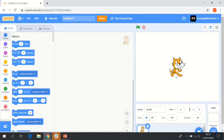Hi guys, welcome back to Coding with Caden. Today we're going to be learning how to code a basketball game in Scratch.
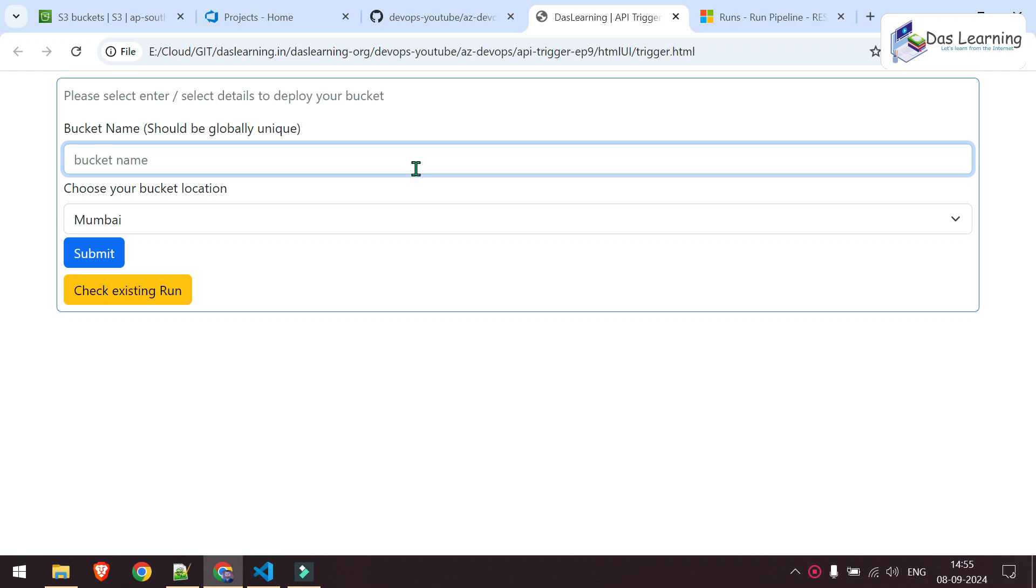Welcome back to another episode of Azure DevOps. Have you ever tried to integrate your UI tool or any ticketing tool with your Azure DevOps to automate your infra or application deployment?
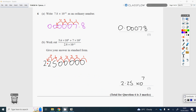Question 6. To convert from standard form to ordinary numbers, start by writing 7.8. Because it's a negative power, this is a really small number, so pop down zeros to the left. It's times 10 to the minus 4, so hop the decimal point four places: 1, 2, 3, 4. There are going to be three zeros after the decimal point, so the answer is 0.00078.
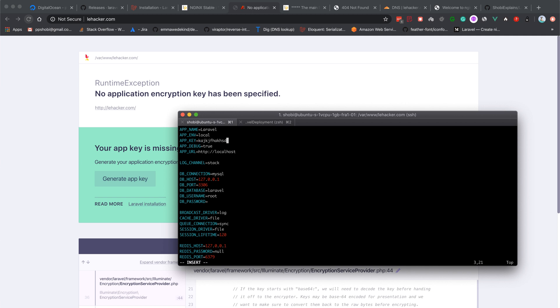APP_DEBUG should be false because we don't want debug to be true in production. APP_ENV should also be production so that no debug information is given to the outside world.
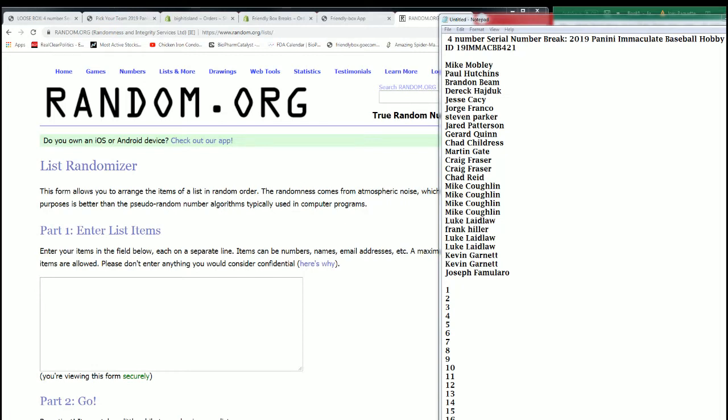All right guys, Immaculate 421 on the four number serial break format. Every spot getting you four serial numbers. Let's get ready to do that random.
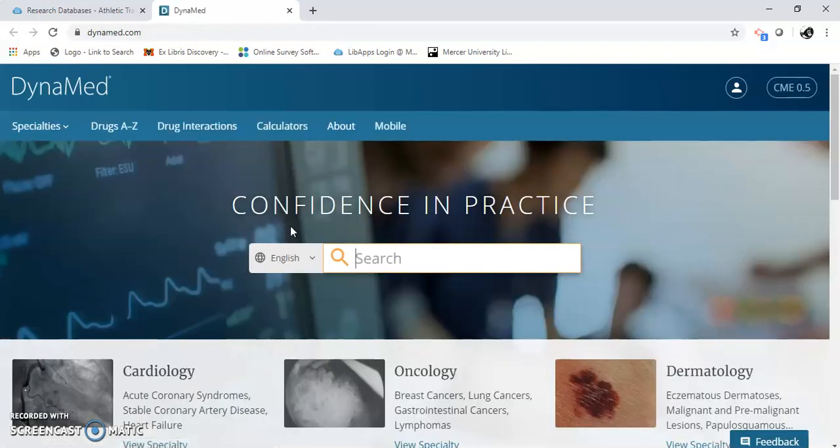Dynamed is not really where you go for periodical journals. These are just standards for certain illnesses or ailments.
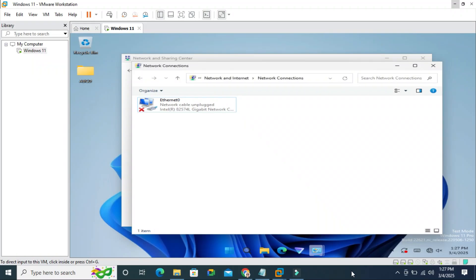In this tutorial I am going to show you how to fix network cable unplugged in VMware Workstation on Windows 11 computer.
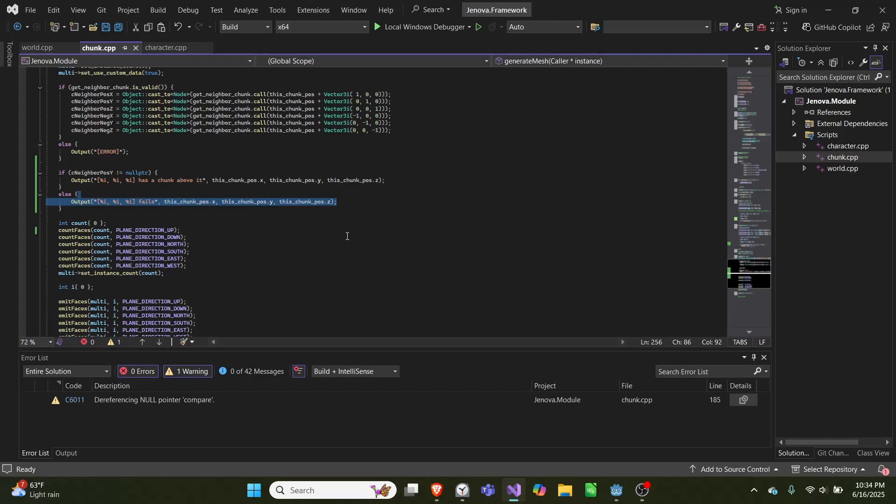So this code allows us, because we spawn in all these chunks dynamically, it allows us to have one chunk reference the world which is the parent, and then have the parent reference another chunk and pass it back. So right now it doesn't have much of a use besides outputting the code, but there may be uses for this in the future.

______________________________

REQUIRED ACTION
Your answer should consist solely of the lines from the one holding "All right guys, Immaculate" through the end of the listing, reproduced exactly and without pictures.

FINISHED TASK
All right guys, Immaculate 421 on the four number serial break format. Every spot getting you four serial numbers. Let's get ready to do that random.
Dynamed is not really where you go for periodical journals. These are just standards for certain illnesses or ailments.
In this tutorial I am going to show you how to fix network cable unplugged in VMware Workstation on Windows 11 computer.
So this code allows us, because we spawn in all these chunks dynamically, it allows us to have one chunk reference the world which is the parent, and then have the parent reference another chunk and pass it back. So right now it doesn't have much of a use besides outputting the code, but there may be uses for this in the future.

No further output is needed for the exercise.